La promesa presidencial se encuadra en su política de renegociación con las privatizadas y fue hecha en el marco de la ceremonia de asunción del nuevo presidente de la FAM, Carlos Villafañe, intendente de Río Gallegos, elegido interinamente en el cargo hasta noviembre tras la salida del cordobés Eduardo Accastello, que ahora ocupa el Ministerio de Gobierno de su provincia.Reunidos ayer al mediodía en el Salón Blanco de la Casa Rosada, los intendentes y Kirchner -acompañado por el ministro de Planificación, Julio De Vido; y de Salud, Ginés González García- tuvieron una charla muy afectuosa, que redundó en la entrega de souvenirs para el Presidente (un arbolito de acrílico de la FAM y un recuerdo con los colores racinguistas) y en el compromiso del Ejecutivo de dar curso a la ley, así como apoyar un proceso de descentralización de los planes sociales.
 Reclamo
El proyecto de ley para el cobro por el uso del espacio público a las telefónicas es
un viejo reclamo de los municipios. Fue aprobado por el Congreso el 29 de agosto de 2001 (n° 25.464), pero vetado totalmente por De la Rúa dos meses después. Si bien Diputados rechazó el veto en julio de 2002, la ley de caducidad (n° 13.640) establece que los proyectos observados por el Ejecutivo caducan si no son confirmados por el Congreso durante ese año parlamentario o el siguiente, que culminó el 28 de febrero de 2003. Esto significa que el impuesto a las telefónicas por el uso del espacio público requeriría el armado de un nuevo instrumento legal.

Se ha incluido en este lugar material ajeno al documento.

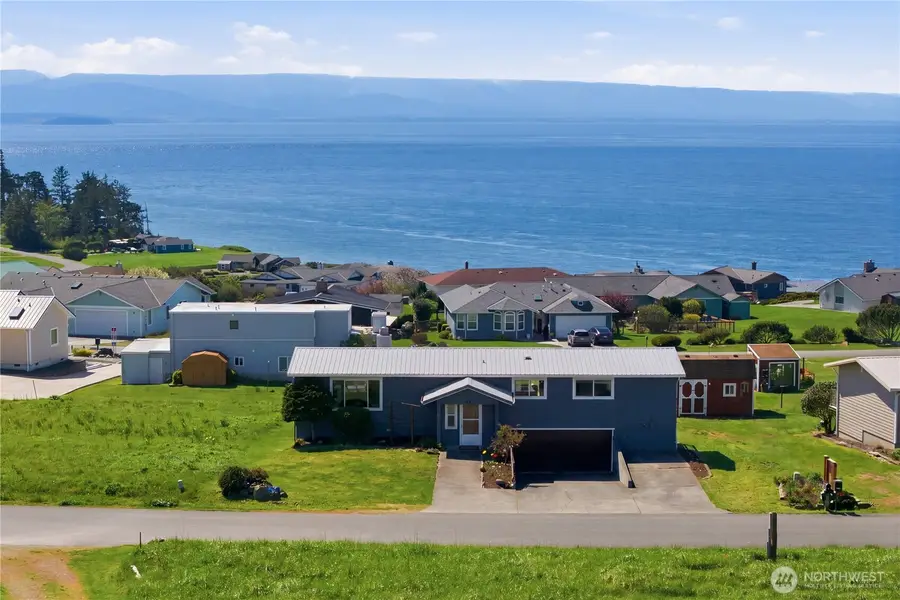 747 La Fiesta Street, Coupeville, WA 98239 - #3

Según el proyecto original, las telefónicas debían pagar a los municipios hasta 2% del total facturado dentro de su jurisdicción, lo que representaría más de $ 130 millones al año. Este tipo de canon se aplica en los Estados Unidos, donde alcanza 7%, y en Europa en un promedio de 4,5%. De los 2.156 municipios argentinos, los más beneficiados serían unos 45, ligados a las principales ciudades, como Buenos Aires, que acapararía 30% del total.
La FAM prevé que como el canon es «hasta» 2%, éste se iría bajando a cambio de que las telefónicas realicen obras de infraestructura, como cableado subterráneo o mejoramiento de los posteados. Por su parte, según explican desde la FAM, las empresas no podrían transferir esta carga en las tarifas, ya que no se trataría de un impuesto nuevo, sino que se estaría eliminando la excepción de la que gozan las telefónicas, amparadas en un beneficio destinado originalmente a la extinta estatal Entel.